This Brentwood Publix was not murder Kroger. I walked the aisles quickly, running out of time, looking for towels. When it became clear there were none, I noticed every item with absorbent properties and imagined different scenarios: showing up for yoga with a bag of cotton balls, wiping my forehead with Pampers, covering my mat with paper napkins. Dang it. Then I saw the blankets and knew I was bringing an orange fleece blanket to hot yoga.

WHAT A GREAT DEAL

The woman behind the front desk at the studio asked if I'm Jessica and informed me that since I'm a new student, I get a starting deal of 10 classes for $10. I'd paid $20 online for one class which seemed STEEP so it was cool to hear that I was now getting a price that was 20 times better but it meant I needed to come nine more times to make it work. Fahrenheit Yoga is so sneaky already, trying to trick me out of quitting right away. If they think that money is the way to make a "This hurts, I'm stopping" person into a "No pain, no gain" person, well, in my case they are right.

I was given a tour and instructions: if I feel lightheaded I am to lie down with my feet toward the wall and head toward the mirror and I was to put my "towel" over my mat. I laid my fleece blanket over my mat, giving the impression that I had arrived not to get all centered and whatnot but to have a picnic. Back in the locker room, I overheard a girl telling her friend that she lies on her stomach and meditates while waiting for the instructor to arrive. And I may be wrong but then it sounded like she also made fun of someone's blanket. The combination of the locker room setting and the fact that I showed up with funny looking stuff is giving me flashbacks to the first day of seventh grade and my goofy tie-dyed shorts.

Upon returning to the studio I laid on my stomach as if to meditate but I really just checked out everyone as they come in. To my mind, the other students were all perfect; my inferiority complex was kicking into high gear.
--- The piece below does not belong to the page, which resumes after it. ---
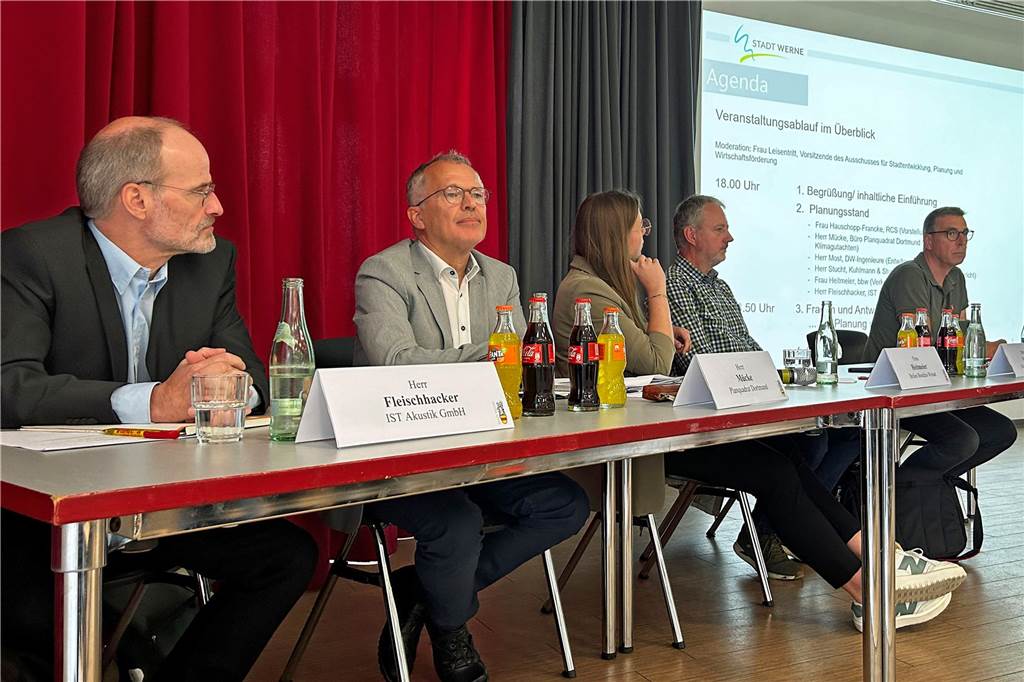 Lärm, Dreck, Gestank: Bürger diskutieren ihre Sorgen wegen der RCS-Erweiterung Stafen Fleischhacker, Dietmar Mücke, Franziska Heitmeier, Volker Stucht und Christian Most (von links) stellen Gutachten vor.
The people who weren't meditating were doing complex looking stretches and backbends, calmly twisting this way and that. I felt defensive. I was thinking that if I'm going to do yoga, I need to find a low rent YMCA somewhere.

This defensiveness had been brewing since I'd left my home, when I put on baggy sweats and Matthew's metal band hoodie over my tight yoga gear and pronounced, "I am NOT wearing yoga clothes in public!" and "I will NOT get smoothies at Whole Foods after my yoga class!" Even though I love smoothies and have been eating one a day lately and certainly no one was ordering me to do anything.

THEY ARE NOT KIDDING ABOUT THE HOT

The class started with a series of breathing exercises. I don't know if it was just the hotness of the room or that I haven't exercised in a long time but I got really lightheaded and almost passed out. I opened my eyes as wide as possible because I felt like if I blinked I'd fall over and I concentrated on staring at myself in the mirror. I know they told me to lie down if I needed to, but the class started TWO MINUTES AGO. I have pride.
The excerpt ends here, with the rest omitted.